#### What you will do
Beneath this sentence is a listing. Return its lines from the one containing "Rull Shimano Nasci 2500 FC 5.0:1 5+1bb" through the last, exactly, and omit the pictures.

#### Data below
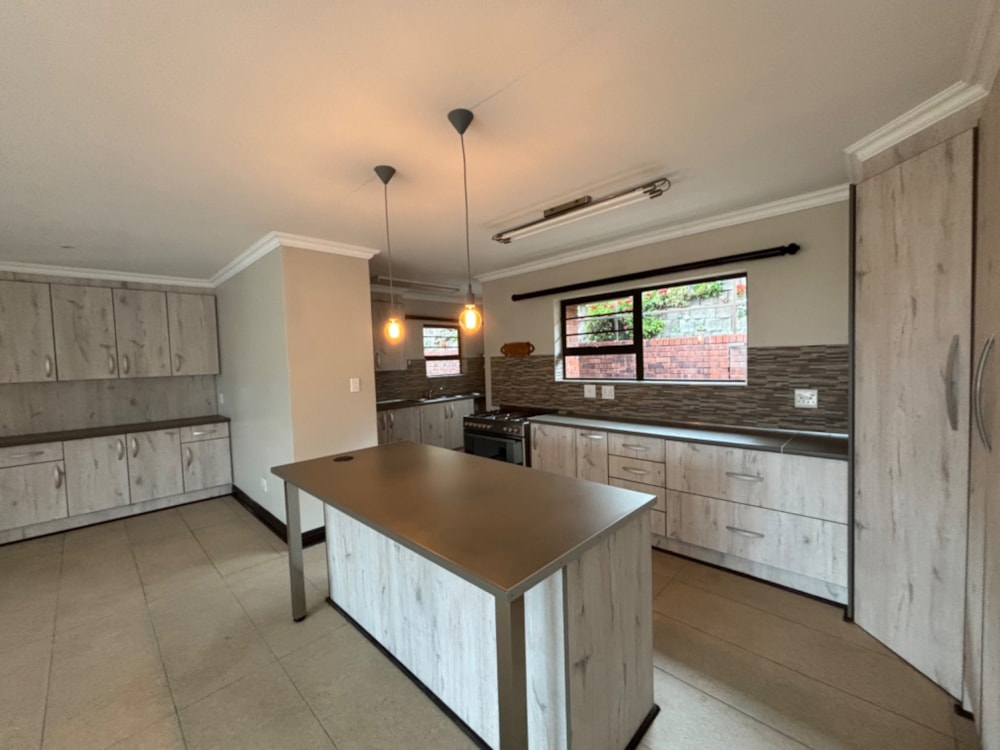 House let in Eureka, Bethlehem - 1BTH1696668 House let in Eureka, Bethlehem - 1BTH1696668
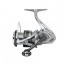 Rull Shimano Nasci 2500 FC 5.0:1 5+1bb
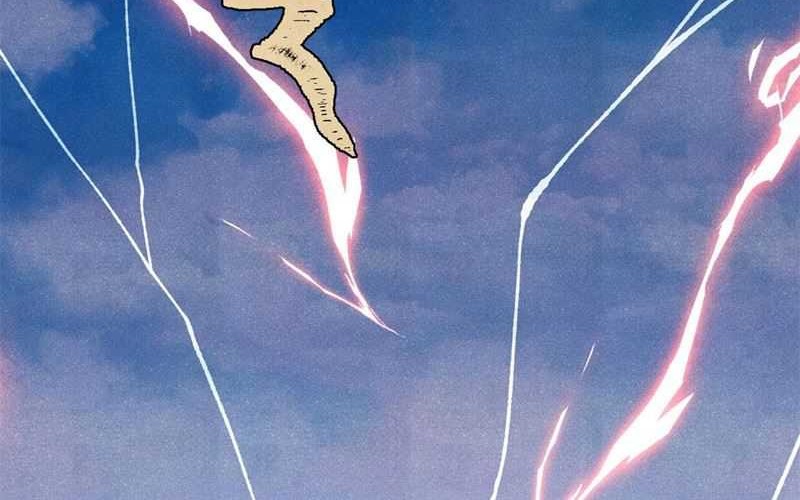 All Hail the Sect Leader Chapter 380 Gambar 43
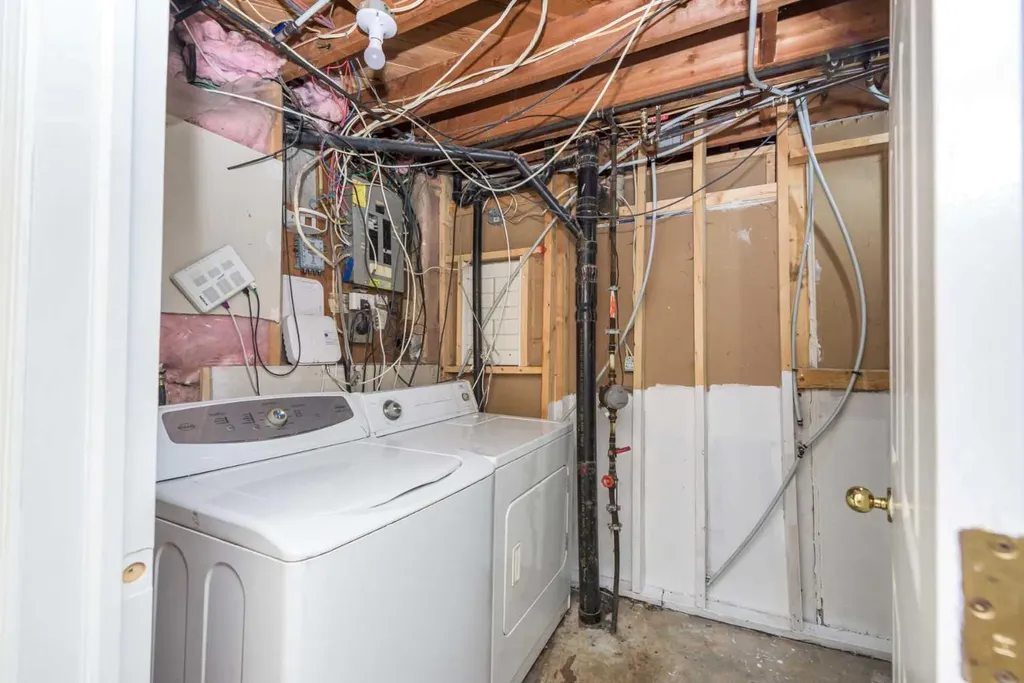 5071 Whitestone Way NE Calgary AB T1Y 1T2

#### Output
 Rull Shimano Nasci 2500 FC 5.0:1 5+1bb
 All Hail the Sect Leader Chapter 380 Gambar 43
 5071 Whitestone Way NE Calgary AB T1Y 1T2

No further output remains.